*** Block opens ***
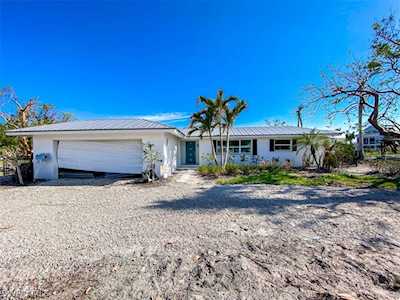 852 Lindgren Blvd Sanibel, FL 33957
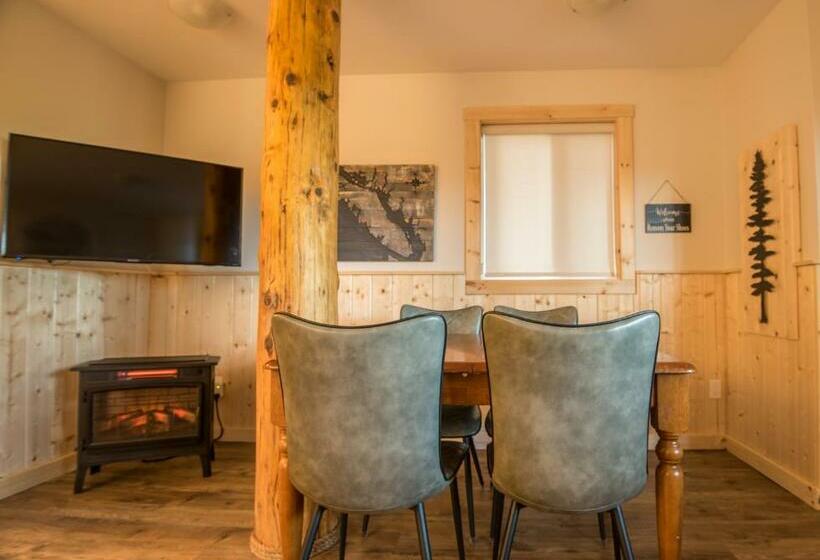 スイート, Cabins West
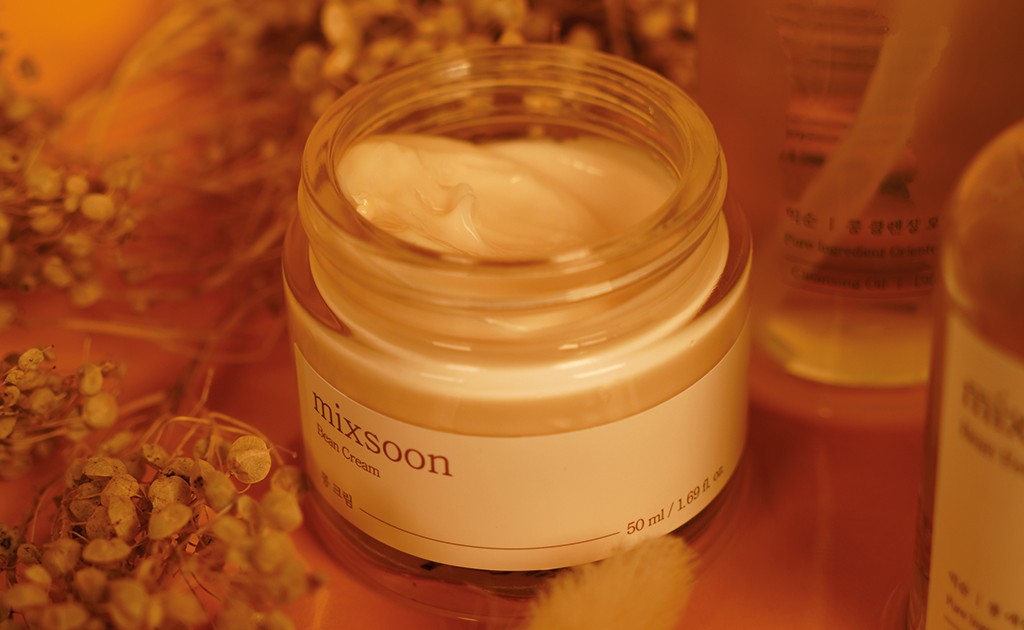 tezzatienda's tweet photo. Bean Cream es el último paso para sellar hidratación, calmar y nutrir profundamente. Su textura suave fortalece la barrera cutánea y deja la piel con un glow saludable y duradero. Perfecta para pieles sensibles🧴💫
https://t.co/P3eqLwNv8F https://t.co/msAqS4Owti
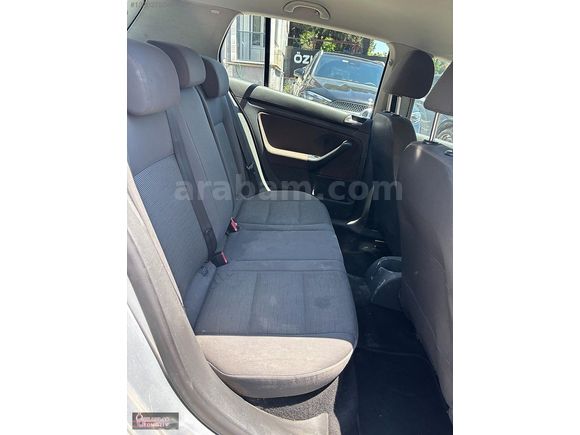 2009 VOLKSWAGEN GOLF 1.4 MIDLINE MANUEL 122 HP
*** Block closes ***
[WHAT IS EXPECTED]:
Retype the data above exactly. Leave the pictures out.

[RESPONSE TO THE TASK]:
 852 Lindgren Blvd Sanibel, FL 33957
 スイート, Cabins West
 tezzatienda's tweet photo. Bean Cream es el último paso para sellar hidratación, calmar y nutrir profundamente. Su textura suave fortalece la barrera cutánea y deja la piel con un glow saludable y duradero. Perfecta para pieles sensibles🧴💫
https://t.co/P3eqLwNv8F https://t.co/msAqS4Owti
 2009 VOLKSWAGEN GOLF 1.4 MIDLINE MANUEL 122 HP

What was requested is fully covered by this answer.